3. Pikiran bahwa Anda telah menyakiti seseorang dalam kecelakaan lalu lintas.
4. Stres yang intens ketika mendapati objek yang tidak beraturan atau menghadap ke
arah yang benar.
5. Bayangan bahwa telah menyakiti anak.
6. Impuls untuk berteriak kata-kata kotor dalam situasi yang tidak pantas.
7. Menghindari situasi yang dapat memicu obsesi, seperti berjabat tangan.
8. Memutar ulang gambar-gambar porno dalam pikiran.
9. Dermatitis, karena terlalu sering mencuci tangan.
10. Lesi kulit, karena sering menggigiti kulit.
11. Rambut rontok atau bintik-bintik botak karena sering menarik-narik rambut.

Gejala kompulsi
1. Mencuci tangan hingga kulit terluka
2. Memeriksa pintu berulang-ulang untuk memastikannya telah terkunci
3. Memeriksa kompor berulang-ulang untuk memastikannya telah mati
4. Menghitung dalam pola tertentu
5. Mengatur makanan untuk menghadap ke arah yang sama

Etiologi
 Faktor biologi. OCD mungkin merupakan akibat dari perubahan kimia alami dari
tubuh atau fungsi otak.
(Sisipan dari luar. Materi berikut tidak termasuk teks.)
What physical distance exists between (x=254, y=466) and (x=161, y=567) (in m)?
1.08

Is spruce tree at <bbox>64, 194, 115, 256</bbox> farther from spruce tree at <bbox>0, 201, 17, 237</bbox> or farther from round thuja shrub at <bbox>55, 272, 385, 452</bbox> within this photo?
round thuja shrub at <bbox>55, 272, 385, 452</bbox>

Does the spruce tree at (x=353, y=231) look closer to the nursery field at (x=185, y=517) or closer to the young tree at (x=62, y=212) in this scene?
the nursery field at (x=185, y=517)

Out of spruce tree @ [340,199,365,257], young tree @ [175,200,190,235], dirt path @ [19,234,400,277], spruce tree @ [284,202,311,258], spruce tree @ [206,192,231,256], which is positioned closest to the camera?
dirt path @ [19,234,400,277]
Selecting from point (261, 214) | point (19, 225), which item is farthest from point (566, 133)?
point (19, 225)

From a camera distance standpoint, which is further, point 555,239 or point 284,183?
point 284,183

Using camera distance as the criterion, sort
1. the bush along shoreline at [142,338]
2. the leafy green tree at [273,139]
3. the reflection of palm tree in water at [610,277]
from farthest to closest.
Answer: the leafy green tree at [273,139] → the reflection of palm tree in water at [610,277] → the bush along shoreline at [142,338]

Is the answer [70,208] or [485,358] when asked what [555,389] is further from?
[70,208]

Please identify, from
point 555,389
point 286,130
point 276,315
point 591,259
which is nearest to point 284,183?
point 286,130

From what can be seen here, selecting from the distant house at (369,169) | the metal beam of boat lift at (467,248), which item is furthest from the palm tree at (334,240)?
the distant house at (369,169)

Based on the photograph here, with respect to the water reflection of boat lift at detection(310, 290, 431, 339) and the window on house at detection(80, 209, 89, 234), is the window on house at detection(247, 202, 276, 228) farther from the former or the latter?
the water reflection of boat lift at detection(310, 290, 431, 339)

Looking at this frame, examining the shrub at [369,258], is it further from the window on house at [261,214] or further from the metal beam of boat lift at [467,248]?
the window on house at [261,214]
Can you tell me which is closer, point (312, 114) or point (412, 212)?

OCD juga mungkin memiliki komponen genetik, namun gen
spesifik yang mempengaruhi OCD belum dapat diidentifikasikan..
 Lingkungan. OCD mungkin berasal dari perilaku yang berhubungan dengan
kebiasaan yang dipelajari dari waktu ke waktu.
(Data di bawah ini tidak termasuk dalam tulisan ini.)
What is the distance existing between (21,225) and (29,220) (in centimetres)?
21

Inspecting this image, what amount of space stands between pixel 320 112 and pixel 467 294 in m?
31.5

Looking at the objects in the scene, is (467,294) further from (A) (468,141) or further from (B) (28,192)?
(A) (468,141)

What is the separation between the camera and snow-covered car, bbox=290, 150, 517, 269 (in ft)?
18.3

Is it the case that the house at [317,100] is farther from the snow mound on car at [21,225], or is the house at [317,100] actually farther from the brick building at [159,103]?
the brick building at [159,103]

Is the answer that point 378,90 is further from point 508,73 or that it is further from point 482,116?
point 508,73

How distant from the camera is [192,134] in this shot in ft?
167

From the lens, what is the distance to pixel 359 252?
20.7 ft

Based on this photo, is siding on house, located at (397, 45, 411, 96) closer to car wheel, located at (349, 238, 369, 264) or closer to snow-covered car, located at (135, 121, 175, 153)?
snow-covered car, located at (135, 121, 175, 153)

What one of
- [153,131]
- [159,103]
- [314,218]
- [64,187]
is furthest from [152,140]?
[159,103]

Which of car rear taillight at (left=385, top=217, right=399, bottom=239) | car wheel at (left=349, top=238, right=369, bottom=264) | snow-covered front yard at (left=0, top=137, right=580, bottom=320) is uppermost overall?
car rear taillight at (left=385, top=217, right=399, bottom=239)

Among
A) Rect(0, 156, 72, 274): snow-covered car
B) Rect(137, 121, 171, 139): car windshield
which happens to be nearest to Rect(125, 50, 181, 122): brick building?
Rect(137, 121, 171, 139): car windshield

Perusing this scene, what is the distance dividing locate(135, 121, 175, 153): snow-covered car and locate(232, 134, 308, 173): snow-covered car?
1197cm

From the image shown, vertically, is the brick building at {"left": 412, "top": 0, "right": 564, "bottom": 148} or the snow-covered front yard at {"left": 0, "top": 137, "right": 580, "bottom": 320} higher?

 Kekurangan serotonin. Kekurangan serotonin, yakni salah satu zat kimia pembawa
pesan otak, dapat menyebabkan gangguan obsesi kompulsif. Orang dengan gangguan
obsesi kompulsif yang mengomsumsi obat untuk meningkatkan kinerja serotonin
cenderung memiliki gejala yang lebih sedikit.

Tatalaksana
1. Psikoterapi suportif secara pasti memiliki tempat, khususnya untuk pasien gangguan
obsesif-kompulsif, walaupun gejalanya memiliki berbagai keparahan yang beragam,
mampu bekerja dan melakukan penyesuaian sosial. Dengan kontak yang reguler dan
terus-menerus dengan orang yang profesional, tertarik, simpatik, dan memberi
semangat, pasien mungkin mampu berfungsi dengan bantuan ini, yang tanpanya,
gejala tersebut dapat menjadikan mereka lemah. Kadang-kadang ketika ritual
obsesional dan kecemasan mencapai intensitas yang tidak dapat ditoleransi, pasien
perlu dirawat inap sampai tempat singgah di institusi dan penjauhan dari stres
lingkungan mengurangi gejala sampai tingkat yang dapat ditoleransi. Anggota
keluarga pasien sering didorong ke ambang keputusasaan karena perilaku pasien.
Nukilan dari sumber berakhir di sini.